The Public Service Legislation Bill explicitly secures all the rights and freedoms in the New Zealand Bill of Rights Act, and Human Rights Act, for all public service employees. This is just as it should be.

But the draft bill does not require public service employees to pay any explicit attention to the rights and freedoms of everyone else.

In other words, human rights are good for the public service, but not for the public.

Devising policies and advising ministers

When public service employees are devising policies and advising ministers, you would expect them to give explicit attention to New Zealand law. You would expect an employee to advise, “This is the law relevant to your policy, minister.”

The minister is free to disregard the advice, but the public service should provide it.

Human rights are about things that are especially important to human beings. That’s why our society gives them the elevated status it does.

The public service should tell ministers the human rights that are relevant to their initiatives, and how rights can help to design and deliver effective, fair, inclusive policies.

The double standard at the core of the public service reform is that the bill explicitly secures the human rights of public service employees, but it fails to require these employees to explicitly take account of New Zealand’s national and international human rights commitments that are designed to protect us all.

Out of step

This is especially remarkable because it runs against a strong current, within Parliament and the public service, flowing in the opposite direction. For example, the Oranga Tamariki Act, first passed in 1989, explicitly requires human rights to be “respected and upheld”. 
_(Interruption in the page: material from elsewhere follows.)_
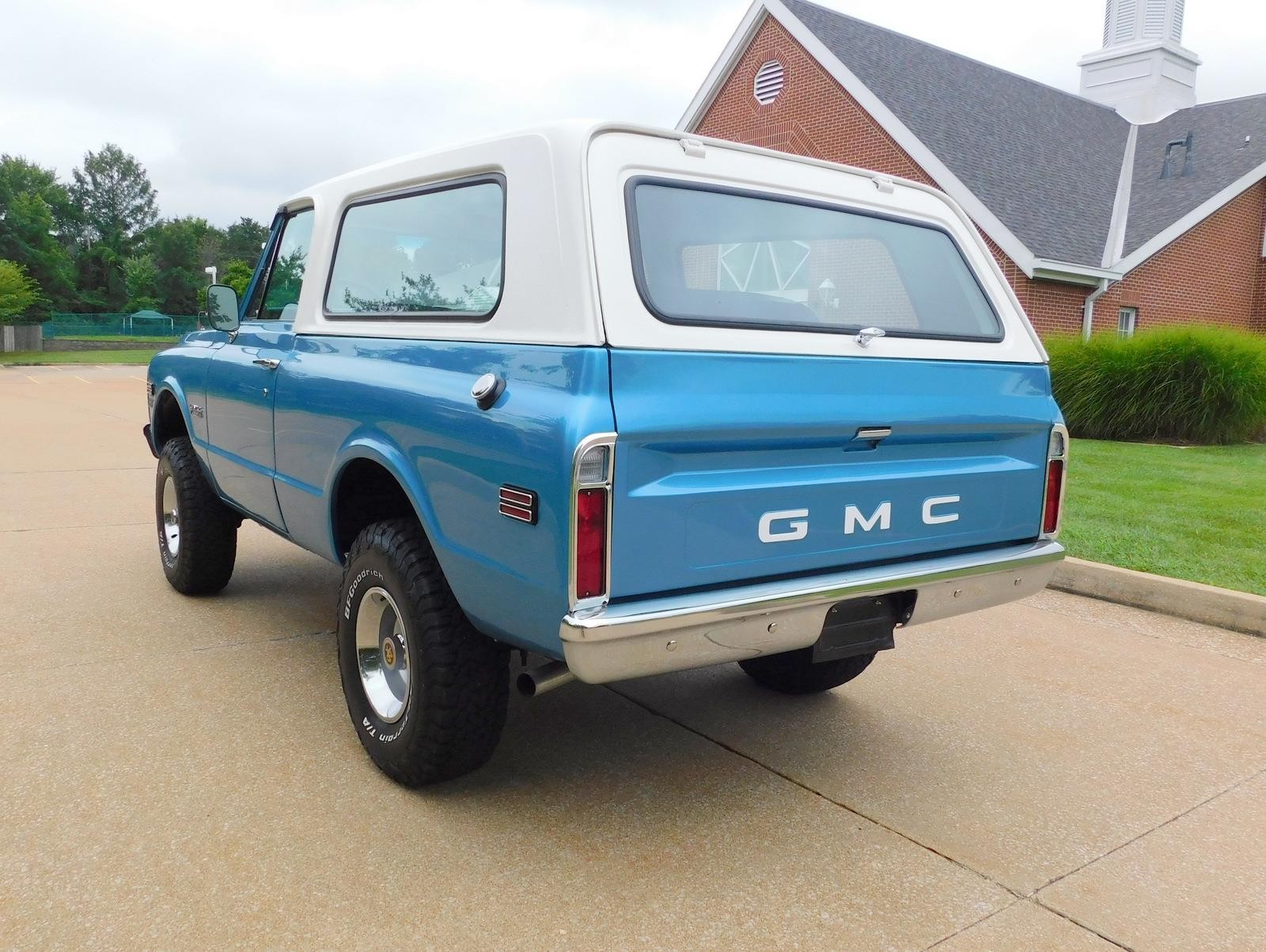 GMC-Jimmy-1970-SUV-26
Scotland, Canada, Germany, Finland and other countries increasingly give explicit recognition to human rights commitments in their policy-making processes.

So how could the bill be amended? The reforms set out the purpose and principles which should animate the public service. A few suitable words in these provisions would do the job. For example, a call for the public service to “uphold national and international human rights commitments”.

Serving communities?

In a welcome development, the bill says the “fundamental character of the public service is acting with a spirit of service to the community”. But this sounds hollow when the public service’s only explicit human rights commitment is to those of its employees.

Human rights are for everyone, everywhere, every day. They are for individuals, whānau, iwi and communities. They are about clinics, hospitals, residential care, decent homes, fair wages, a healthy environment, schools, universities, robust democracy, humane prisons, and building strong inclusive communities. 

Last week, the Office of Ethnic Communities published Conversations with Aotearoa New Zealand’s Muslim Communities. It reported “public services need to lead by example in addressing racism, hate speech, discrimination and Islamophobia, and create an environment of inclusion and acceptance”.

In short, the public service must take explicit human rights seriously both within the public service and beyond.

Stop the hypocrisy

Human rights place commitments on government, including the public service.

They should not be reduced to an empty tick-box compliance check as already completed policy papers approach the Cabinet.

Human rights should not be an after-thought. They should be on the policy table, in the mix, at the beginning of the policy process.

They contribute to robust policy-making and enhance fairness and inclusion.

The omission of a requirement for the public service to uphold national and international human rights commitments is extremely serious.

It’s not too late to stop the double standard, hypocrisy and backsliding – and put matters right.